#### Problem to work on
The lines from the one with "seafood frozen fresh herring fillet" through the last line of the material below, copied exactly and free of pictures, make up the whole answer.

____

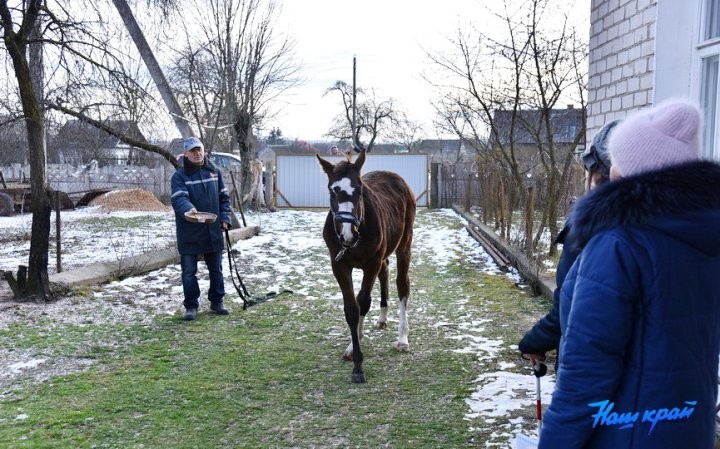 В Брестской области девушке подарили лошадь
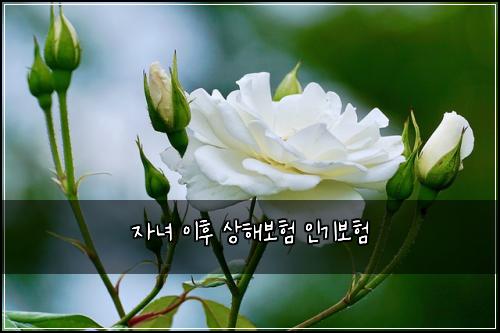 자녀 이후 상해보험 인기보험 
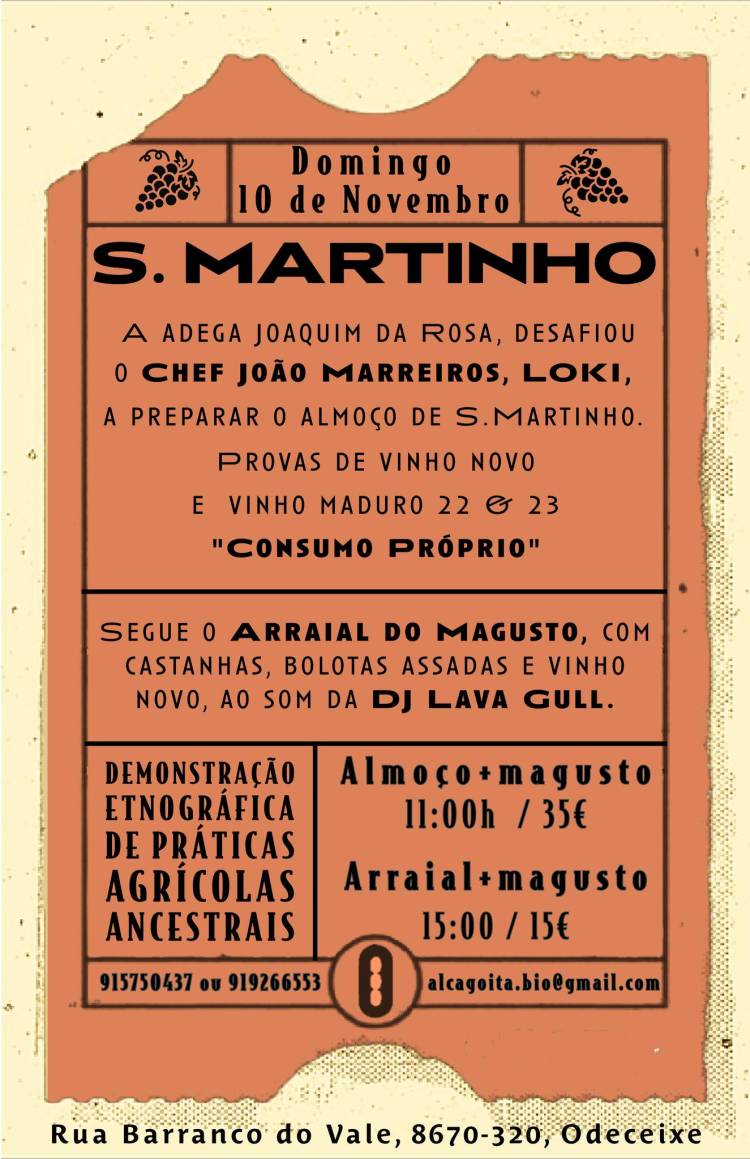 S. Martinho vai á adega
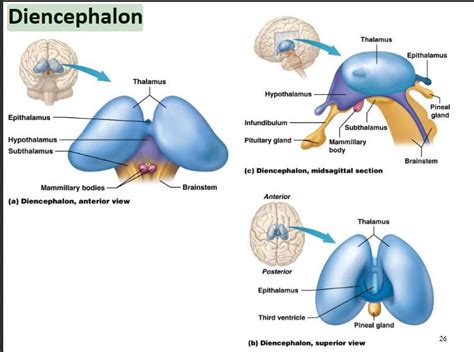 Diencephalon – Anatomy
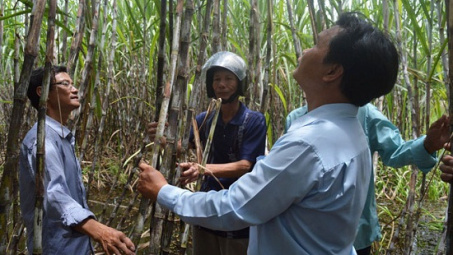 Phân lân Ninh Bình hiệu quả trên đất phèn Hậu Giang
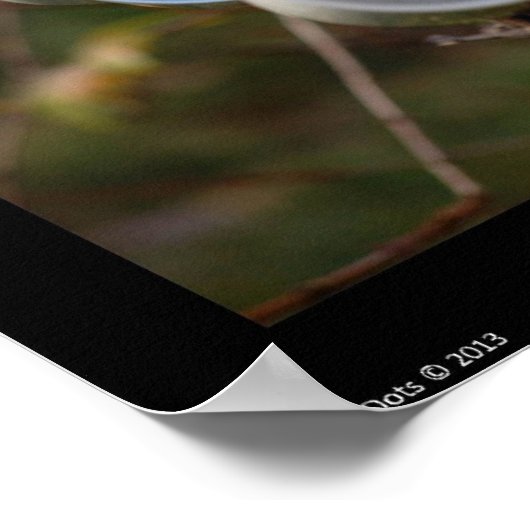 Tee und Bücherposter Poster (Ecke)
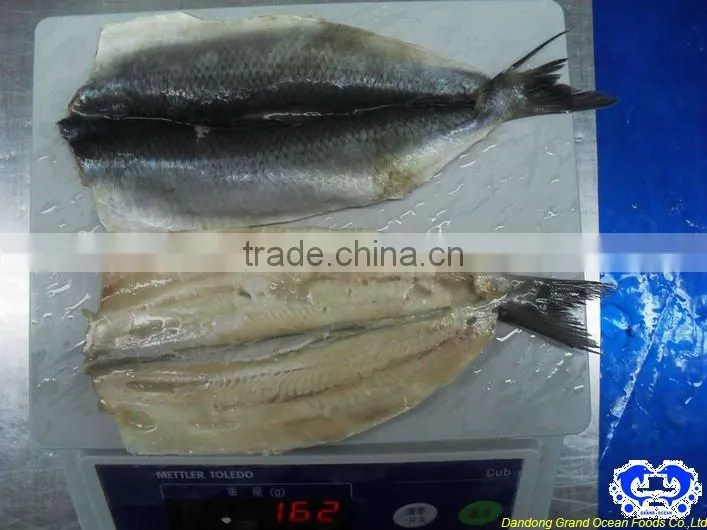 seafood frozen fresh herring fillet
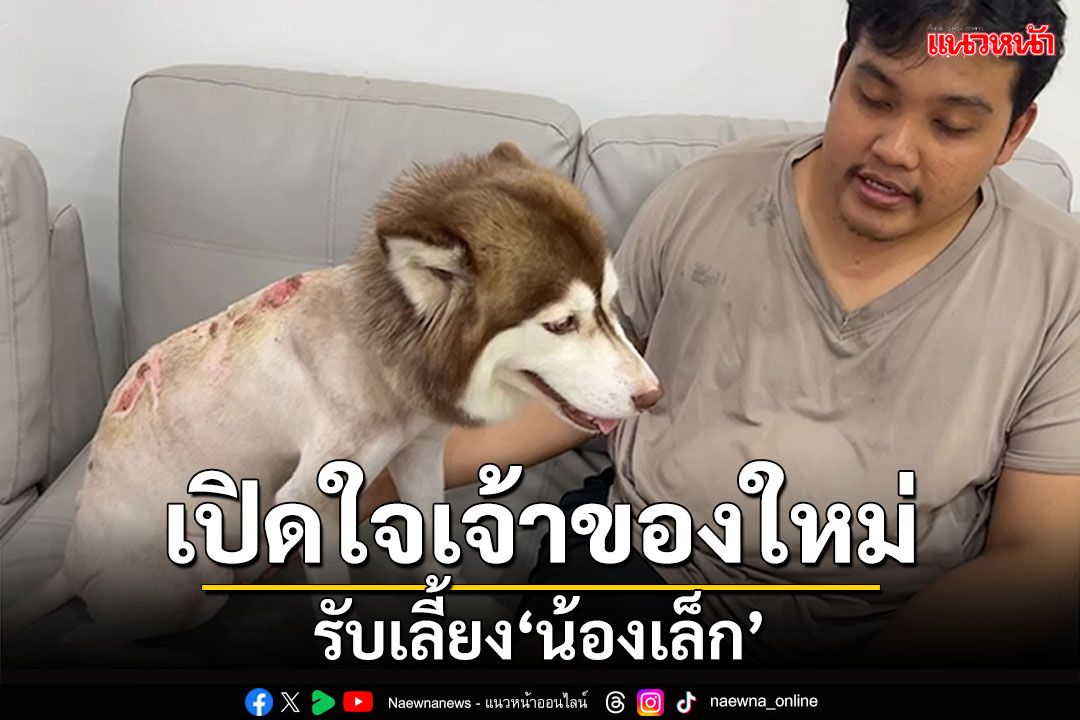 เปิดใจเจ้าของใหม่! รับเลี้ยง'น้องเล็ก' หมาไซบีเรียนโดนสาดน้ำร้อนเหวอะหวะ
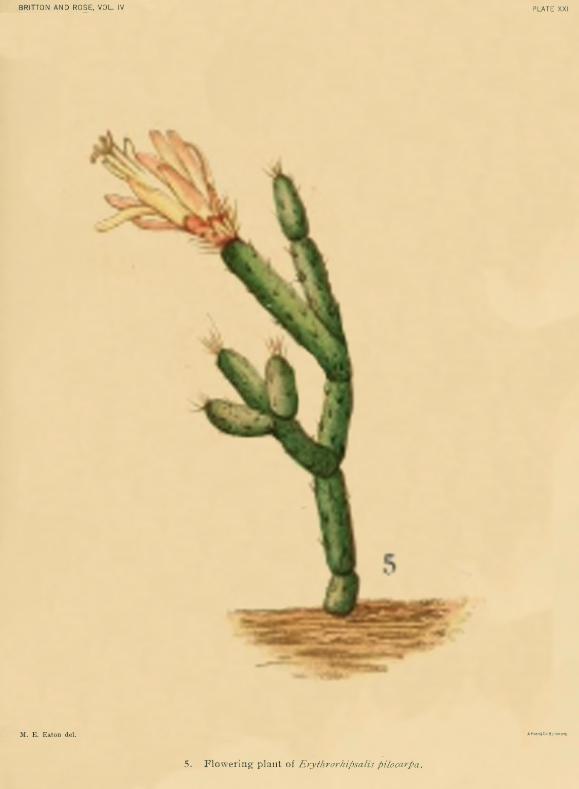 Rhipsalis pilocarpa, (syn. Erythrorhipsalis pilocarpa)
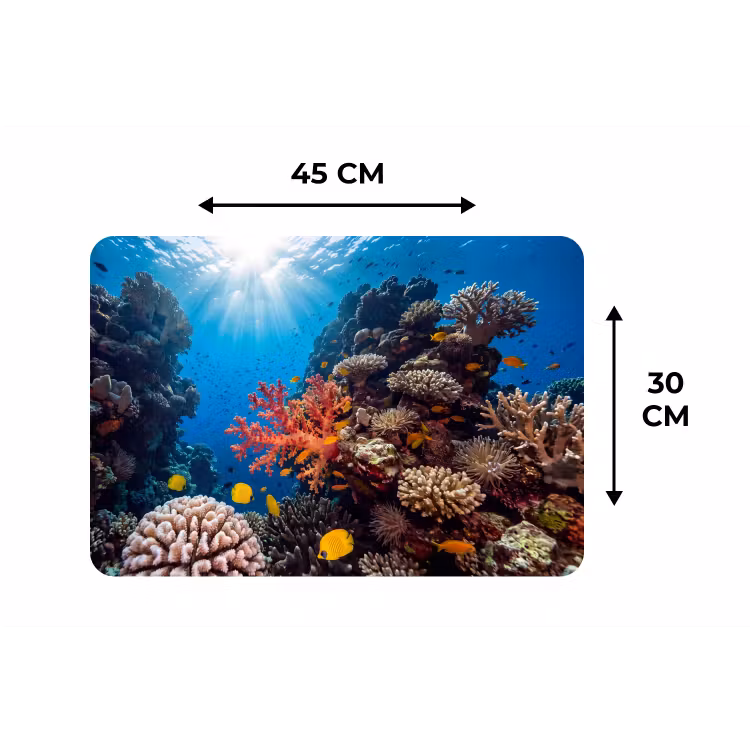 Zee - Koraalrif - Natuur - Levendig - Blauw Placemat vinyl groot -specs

____

#### Answer box
 seafood frozen fresh herring fillet
 เปิดใจเจ้าของใหม่! รับเลี้ยง'น้องเล็ก' หมาไซบีเรียนโดนสาดน้ำร้อนเหวอะหวะ
 Rhipsalis pilocarpa, (syn. Erythrorhipsalis pilocarpa)
 Zee - Koraalrif - Natuur - Levendig - Blauw Placemat vinyl groot -specs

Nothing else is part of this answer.